Detectives return to French village to solve missing toddler mystery

Investigators cordoned off a tiny village in the French Alps on Thursday to solve the mystery of a missing toddler whose disappearance last summer gripped the nation.

Detectives return to French village to solve missing toddler mystery

Emile, two-and-a-half, was staying with his grandparents for the first day of the summer holidays when he disappeared on July 8th last year.

Two neighbours last saw him in the late afternoon walking alone on a street in Haut-Vernet, a small settlement of 25 inhabitants at an altitude of around 1,200 metres.

The little boy, barely 90 cm (35 inches) tall, was wearing a yellow T-shirt, white shorts and tiny hiking shoes, according to a call for witnesses at the time.

A massive on-the-ground search involving dozens of police and soldiers, sniffer dogs, a helicopter and drones failed to find him in July.

It was called off after several days following a prosecutor saying it was unlikely such a young child would have survived in the summer heat.

An initial probe into a missing person soon became a criminal investigation into a possible abduction. But the options of an accident or a fall remain open.

French investigators have summoned 17 people, including family members, neighbours and witnesses, to re-enact the events of the day he disappeared.

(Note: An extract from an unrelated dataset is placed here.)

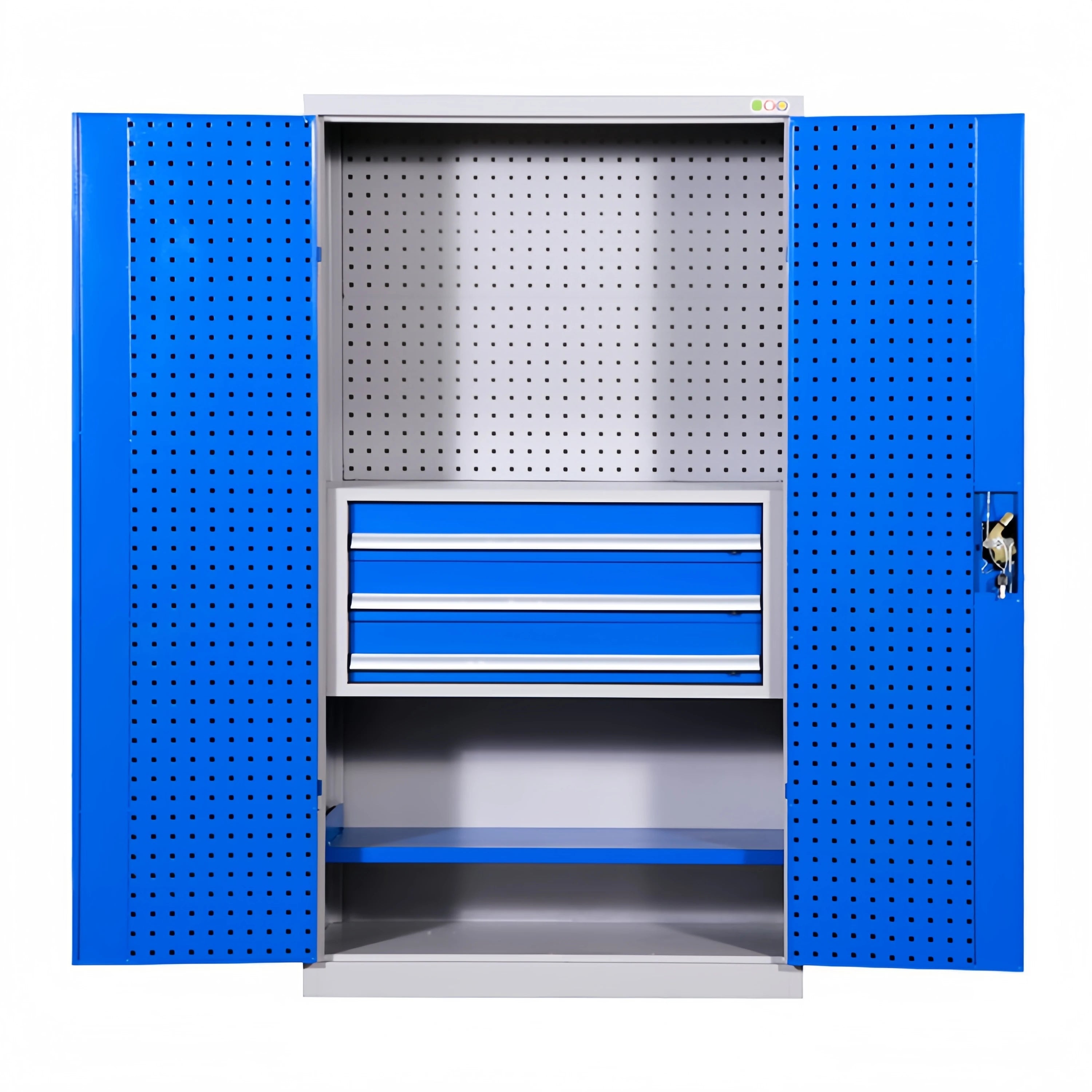 3 Drawers and 1 Shelf Tool Box Cabinet Metal Heavy Duty Cabinet Workshop Tool Cabinet with Hanging Net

They are to focus on the last few minutes during which Emile was seen by neighbours, trying to untangle their contradictory accounts.

The family’s “only hope is that the child is still alive, even if this hope fades from day to day,” the grandfather’s lawyer said.

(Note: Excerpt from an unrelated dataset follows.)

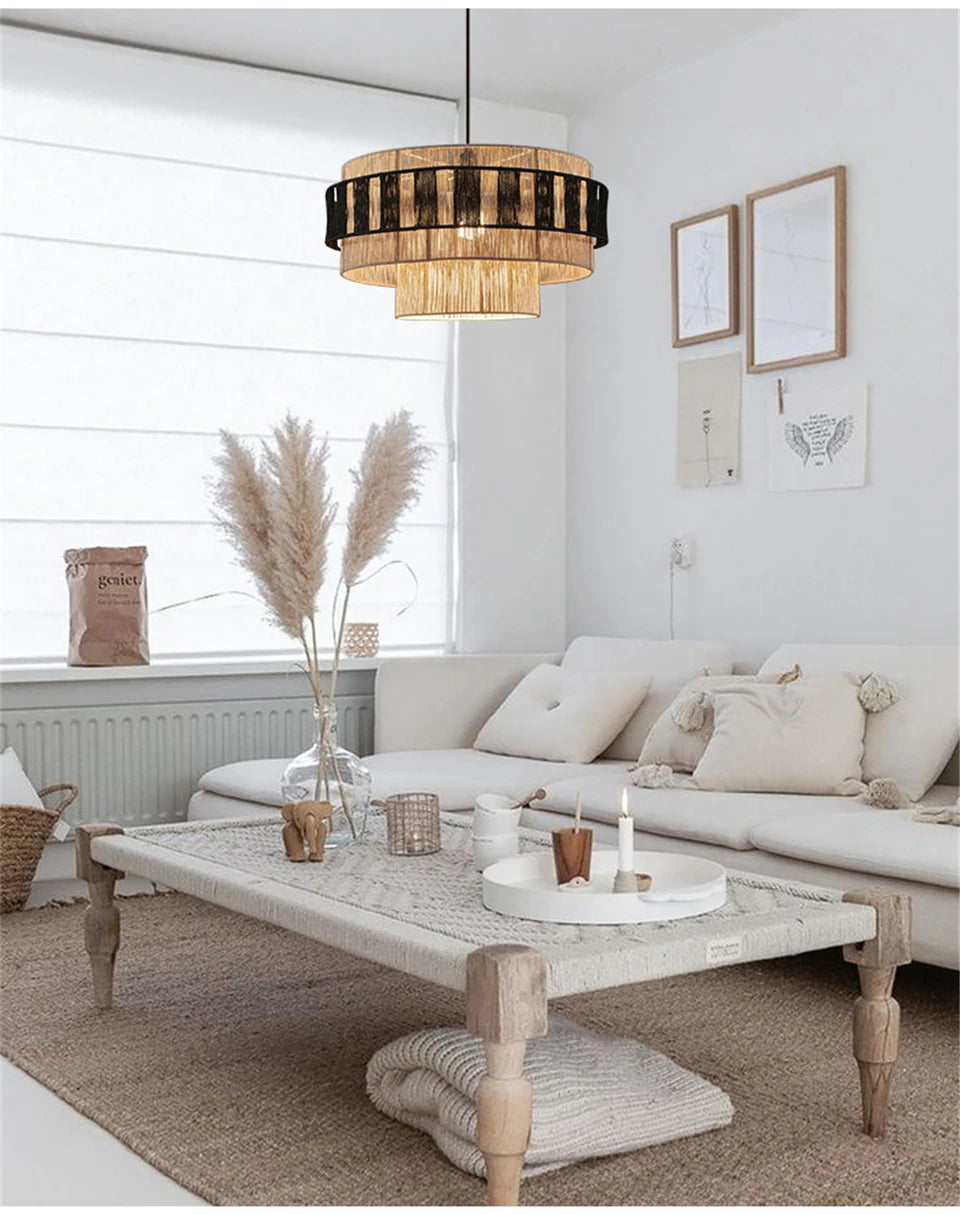 Boho Geometric Colourful Rattan Pendant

To ensure no outside interference in the investigation, police cordoned off the village from the outside world on Wednesday morning. It will remain so until Friday morning.

Flights over the village are also forbidden.

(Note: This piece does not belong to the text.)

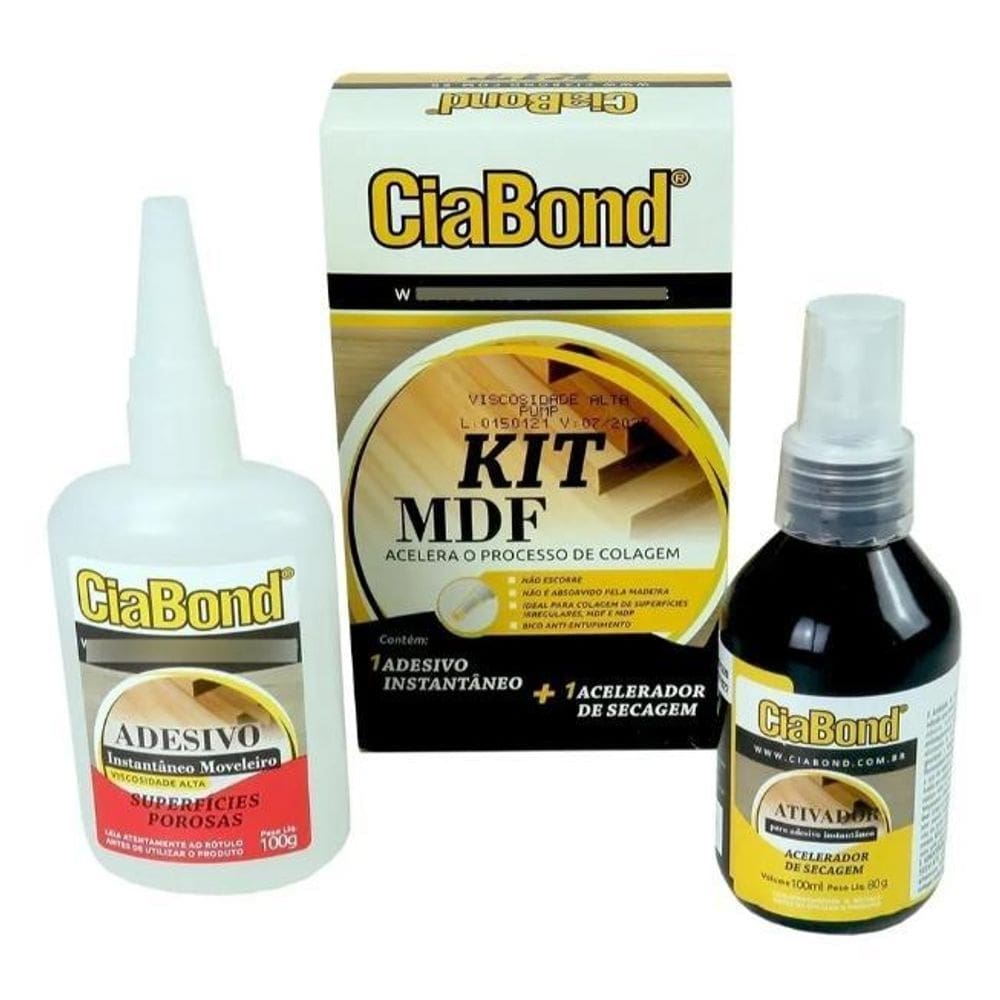 Adesivo instantâneo + acelerador kit mdf cola cianoacrilato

Early on Wednesday morning, around 15 journalists huddled in the cold rain at the barrier cutting off access to the village, kept at bay by two police cars.

Some 20 investigators are to guide the re-enactment of events, with some flying drones above to film it all.

The boy’s grandfather was questioned in a 1990s case into alleged violence and sexual aggression at a private Catholic school, it has emerged.

But a source close to the case said his possible involvement in the disappearance had always been examined to “the same degree” as other hypotheses.

Emile had just arrived in Haut-Vernet to stay with his mother’s parents in their holiday home for the summer when he went missing.

His parents, devout Catholics living in the southern town of La Bouilladisse, were not present on that day.

His mother is the oldest of 10 children.

Emile was her first child and she also has a younger daughter.

Investigators received some 900 calls from members of the public in the case, all of which have been dismissed as unrelated.

They have also sifted through endless mobile data and call logs in the hope of finding a clue.

In late November, a day before Emile would have turned three, his parents published a call for answers in a Christian weekly.

“Tell us where he is,” they wrote.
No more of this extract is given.